The study addresses the challenge of improving the intrinsic activity and stability of atomically precise nanoclusters by integrating isolated single-atom sites through co-electropolymerization. Experimental spectroscopy (XPS, XANES/EXAFS, CO-DRIFTS, ATR-FTIR) and DFT consistently show that Fe SAs modulate the electronic structure of Au nanoclusters, shifting the d-band center closer to the Fermi level, redistributing charge, and enhancing binding of the key *COOH intermediate in the rate-determining step.

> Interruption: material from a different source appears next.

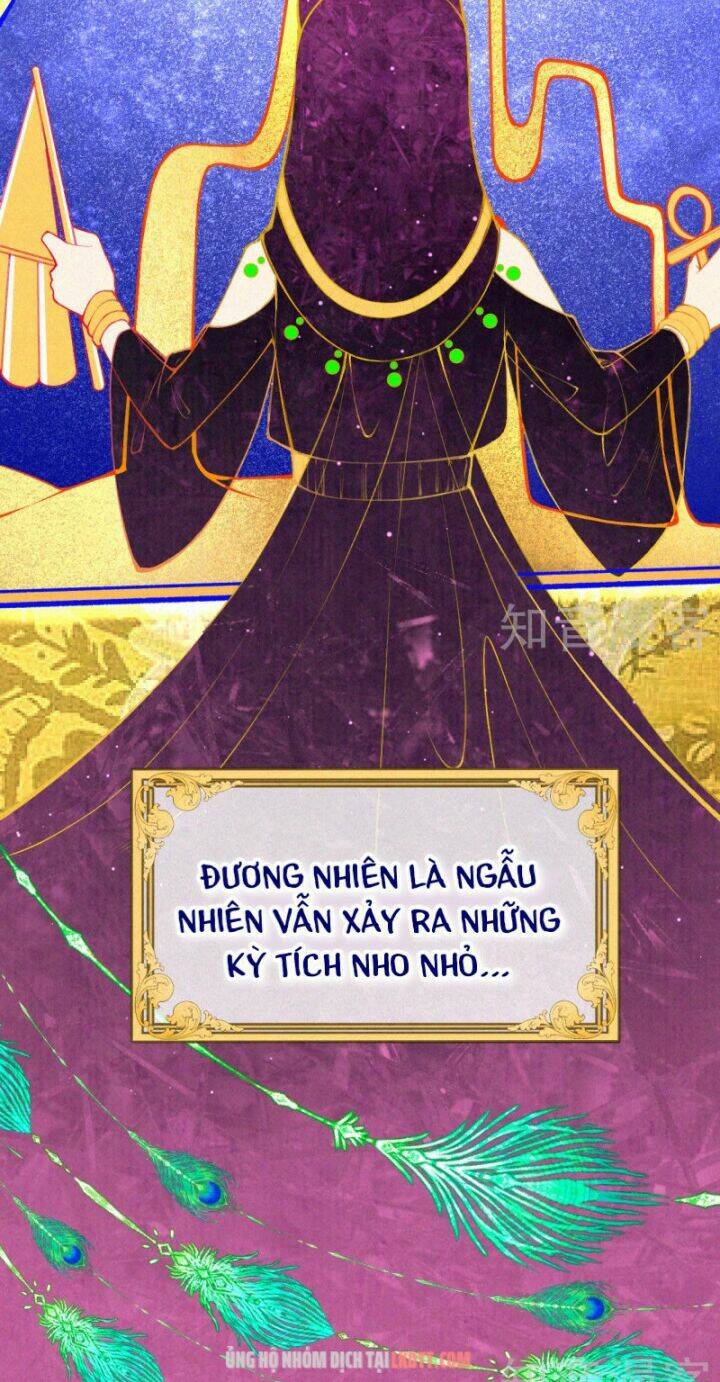 xuyên đến ai cập : trở thành cô dâu của vương chapter 0 8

These changes lower the thermodynamic barrier for CO₂ activation and concurrently increase the barrier for the competing HER, yielding higher CO selectivity and activity. Control experiments demonstrate that Au nanoclusters, not Fe SAs, serve as the main CO₂RR active sites; Fe SAs primarily act as electronic modulators. The cross-linked polymer matrix secures both clusters and SAs, maintaining dispersion and mitigating agglomeration, thereby sustaining performance during operation. The approach generalizes across different single-atom species (Co, Ni, Cu, Zn) with trends consistent with Fe, underscoring the broader relevance of SA-induced electronic tuning of nanoclusters for CO₂-to-CO catalysis.

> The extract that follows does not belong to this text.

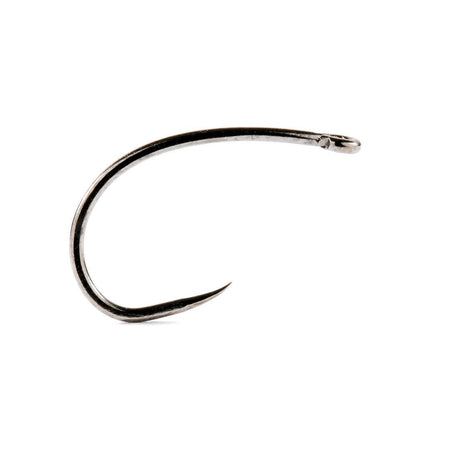 K4AY/SE Grub Straight Eye Barbless Fly Hook - J. Stockard Fly Fishing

This work presents a co-electropolymerization strategy to construct well-defined nanocluster–single-atom hybrid catalysts, exemplified by Poly-(Au8-DCP@Fe), which deliver high CO₂-to-CO performance (maximum CO FE 90.89% at −0.57 V) and improved kinetics and stability compared to isolated components. Mechanistic studies reveal that isolated Fe single atoms positively regulate the electronic structure of Au nanoclusters, strengthening *COOH adsorption and favoring the CO₂RR pathway while suppressing HER. The polymer scaffold uniformly disperses and stabilizes both clusters and SAs, reducing deactivation from agglomeration. These findings establish single-atom functionalization as an effective route to enhance the inherent catalytic properties of atomically precise metal nanoclusters.

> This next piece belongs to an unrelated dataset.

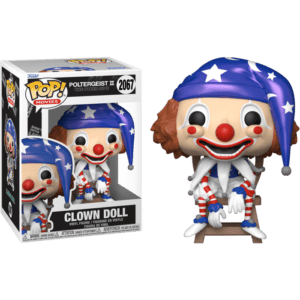 Funko POP! Movies Poltergeist II: The Other Side Clown Doll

- Durability tests were limited to 6 h; slight CO FE decay was attributed to the formation of some larger Au clusters during prolonged operation. - Performance and selectivity were evaluated in 0.5 M KHCO3 in an H-cell; behavior in other electrolytes, pH, or device configurations was not examined here. - Control experiments indicate Fe single-atom sites alone are inactive for CO formation under these conditions; thus, the approach relies on cluster sites as active centers with SAs as electronic modulators.